**YOUR ASSIGNMENT:** Print the data below exactly, but only the lines from the one containing "For Tiktok Scrolling" down to the one containing "Johny'S Boutique Apartment", inclusive.
[Opening GIVEN RECORDS section]
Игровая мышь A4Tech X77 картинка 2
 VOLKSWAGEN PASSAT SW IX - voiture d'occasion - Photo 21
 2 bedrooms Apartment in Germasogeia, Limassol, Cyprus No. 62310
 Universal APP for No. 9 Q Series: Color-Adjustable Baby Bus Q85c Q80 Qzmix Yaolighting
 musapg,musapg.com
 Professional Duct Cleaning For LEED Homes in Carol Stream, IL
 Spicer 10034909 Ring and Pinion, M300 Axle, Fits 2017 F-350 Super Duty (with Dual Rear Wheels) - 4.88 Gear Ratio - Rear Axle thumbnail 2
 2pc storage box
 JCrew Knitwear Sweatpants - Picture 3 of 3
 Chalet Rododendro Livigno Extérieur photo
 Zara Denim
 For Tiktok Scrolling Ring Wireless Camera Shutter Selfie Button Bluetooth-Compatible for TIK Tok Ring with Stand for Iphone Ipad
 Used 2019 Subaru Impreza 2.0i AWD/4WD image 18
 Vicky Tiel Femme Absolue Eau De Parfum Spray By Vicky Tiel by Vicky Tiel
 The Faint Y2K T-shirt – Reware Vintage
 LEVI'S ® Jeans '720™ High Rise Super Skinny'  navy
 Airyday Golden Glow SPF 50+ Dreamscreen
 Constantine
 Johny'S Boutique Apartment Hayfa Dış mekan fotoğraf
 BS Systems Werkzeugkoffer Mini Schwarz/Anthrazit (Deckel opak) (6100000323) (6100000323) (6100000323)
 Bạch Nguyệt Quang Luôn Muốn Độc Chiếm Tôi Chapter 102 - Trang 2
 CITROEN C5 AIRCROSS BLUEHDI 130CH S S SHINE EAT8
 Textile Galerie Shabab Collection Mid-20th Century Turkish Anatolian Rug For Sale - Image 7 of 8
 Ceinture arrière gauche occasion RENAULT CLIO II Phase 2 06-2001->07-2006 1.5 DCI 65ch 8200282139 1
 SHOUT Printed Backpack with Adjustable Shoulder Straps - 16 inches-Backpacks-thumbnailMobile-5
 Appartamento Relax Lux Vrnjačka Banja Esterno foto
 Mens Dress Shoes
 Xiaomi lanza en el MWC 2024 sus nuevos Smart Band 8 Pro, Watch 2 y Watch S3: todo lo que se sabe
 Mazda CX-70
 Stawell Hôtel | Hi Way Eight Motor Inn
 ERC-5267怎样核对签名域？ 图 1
[Closing GIVEN RECORDS section]
**SOLUTION TO THIS PROBLEM:**
 For Tiktok Scrolling Ring Wireless Camera Shutter Selfie Button Bluetooth-Compatible for TIK Tok Ring with Stand for Iphone Ipad
 Used 2019 Subaru Impreza 2.0i AWD/4WD image 18
 Vicky Tiel Femme Absolue Eau De Parfum Spray By Vicky Tiel by Vicky Tiel
 The Faint Y2K T-shirt – Reware Vintage
 LEVI'S ® Jeans '720™ High Rise Super Skinny'  navy
 Airyday Golden Glow SPF 50+ Dreamscreen
 Constantine
 Johny'S Boutique Apartment Hayfa Dış mekan fotoğraf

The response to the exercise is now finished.